15 março 2010

Ócio?


O Jornal de Negócios publicou hoje uma extensíssima entrevista com o ministro das Finanças, Teixeira dos Santos. A entrevista, altamente politizada, tem no capítulo dedicado ao subsídio de desemprego o seu trecho mais interessante. Assim, neste domínio, o ministro defende o seguinte "Actualmente, um beneficiário do subsídio de desemprego pode recusar uma oferta de trabalho nos primeiros seis meses desde que o salário não seja, em pelo menos 25%, superior ao subsídio de desemprego. Entendemos que devemos reduzir este limiar para 10%".

Ora, confesso que não conhecia aquela disposição adicional. E, naturalmente, a minha reacção é de estupefacção, concordando, pois, com o ministro: o limiar deve ser reduzido, aliás, deve ser eliminado. Contudo, e é aí que, na minha opinião, o ministro falha redondamente, a ideia que fica desta alteração é a de que em Portugal, e no mundo ocidental, há empregos de sobra e que os desempregados são bombardeados com inúmeras propostas de emprego, não querendo pois trabalhar! Infelizmente, creio que não é isso que acontece. De acordo com um estudo do Congressional Budget Office (CBO) - nos Estados Unidos, o equivalente à nossa Direcção Geral do Orçamento -, publicado em Janeiro deste ano, nos últimos trinta anos, a percentagem de desempregados que constituem desemprego de longa duração duplicou, de pouco mais de 30% para mais de 60%. Por outras palavras, 60% dos desempregados de hoje têm muita dificuldade em regressar ao mercado de trabalho e, entre estes, muitos não o conseguem de todo.

Assim, o mesmo estudo conclui que entre as medidas que mais poderão contribuir para o crescimento da economia norte-americana está a prorrogação do subsídio de desemprego, até Março de 2011, para aqueles que agora esgotam o prazo a que têm direito.

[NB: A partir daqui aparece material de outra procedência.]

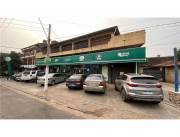 Local Comercial - Venta - Paraguay Central Lambaré Importante Propiedad comercial a la ven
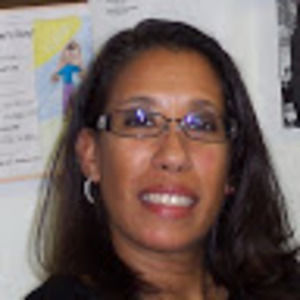 Meet your Posher, Nadia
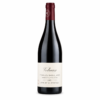 Volnay 1er cru Brouillards 2022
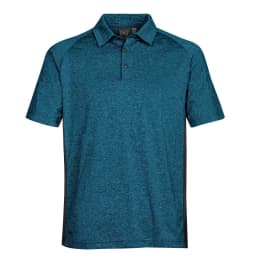 Stormtech Men's Tundra Polo view 1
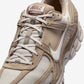 Nike Zoom Vomero 5 Khaki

O objectivo é permitir que os desempregados de longa duração possam ter mais tempo, a fim de encontrar novos empregos, continuando, entretanto, a contribuir para o consumo agregado da economia. De acordo, com o CBO, o efeito multiplicador associada à medida será, em média, de 130% do PIB até 2015. Ou seja, cada dólar gasto pelo Estado federal terá um retorno de 1,3 dólares. A título de curiosidade, refira-se que foi com base neste estudo técnico que os legisladores norte-americanos (incluindo os Republicanos) acabam de aprovar a extensão dos ditos benefícios até ao início do próximo ano. E, ainda, que, também, foi este mesmo estudo que "enterrou" o programa de obras públicas de Obama, após concluir que o seu efeito multiplicador no PIB seria em média negativo.

Regressando a Portugal, a realidade do desemprego é idêntica à norte-americana. Porventura, será ainda pior, em termos de desemprego de longa duração. Por isso, custa-me observar que os sacríficios pedidos aos privilegiados da Função Pública e a todos aqueles directa ou indirectamente ligados à máquina do Estado sejam mínimos, carregando-se depois naqueles que, coitados, não têm qualquer rede de apoio. É o caso dos desempregados de longa duração - quase todos funcionários do sector privado - a quem o Estado se prepara para reduzir o coeficiente de 65% no subsídio de desemprego, a par de outras alterações a fim de "desincentivar o ócio". Enfim, além de, economicamente, ineficiente, as medidas anunciadas pelo ministro não atacam o problema de fundo: é que, de um modo geral, o ócio e o esbanjamento não estão no sector privado e muito menos entre a generalidade dos desempregados.